Read the full New York Time article

 

 

Vita Berezina-Blackburn: Storytelling Potential Using Motion Capture

As the Humane Technologies research team first began contemplating the 2016-2017 "Livable Futures" theme in Autumn semester, we held a series of sandbox sessions in the ACCAD labs and studios, each led by a different team member. The purpose of these sandboxes was to engage in a "doing thinking" process together with various humane technology frameworks in order to explore potential lines of inquiry, develop research questions, and build relationships. What follows are notes developed in conjunction with this particular sandbox session. 

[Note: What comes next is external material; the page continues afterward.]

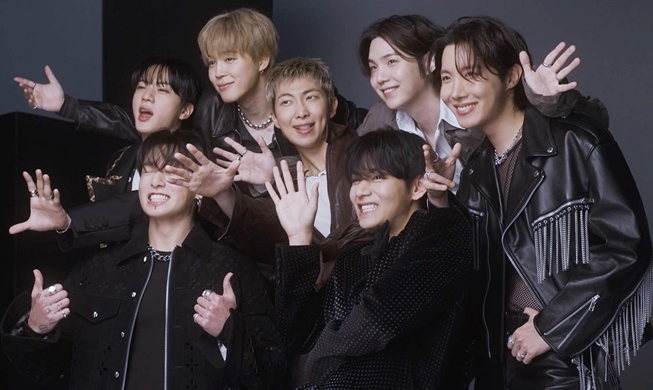 ＢＴＳが光化門で復帰公演、世界に響き渡った「ＡＲＩＲＡＮＧ」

Sandbox: Motion Capture with Vita Berezina-Blackburn

Wednesday, November 30, 9:30-11:30am in the ACCAD Motion Lab

Attendees: Vita Berezina-Blackburn, Alex Oliszewski, Norah Zuniga Shaw, Peter Chan, Scott Swearingen,Scott Denison, Alan Price, Mindi Rhoades, Hannah Kosstrin, Isla Hansen

Sandbox Framework for Collaboration:

Investigation of approaches for presenting narratives in full body, room scale VR scenarios driven by practices in theater production and acting. The Sandbox will include demos of ACCAD's current state of available technologies and existing VR experiences from the Marcel Marceau project, as well as related creative practices. Tech: Vicom Motion Capture System, Motion Builder, Oculus.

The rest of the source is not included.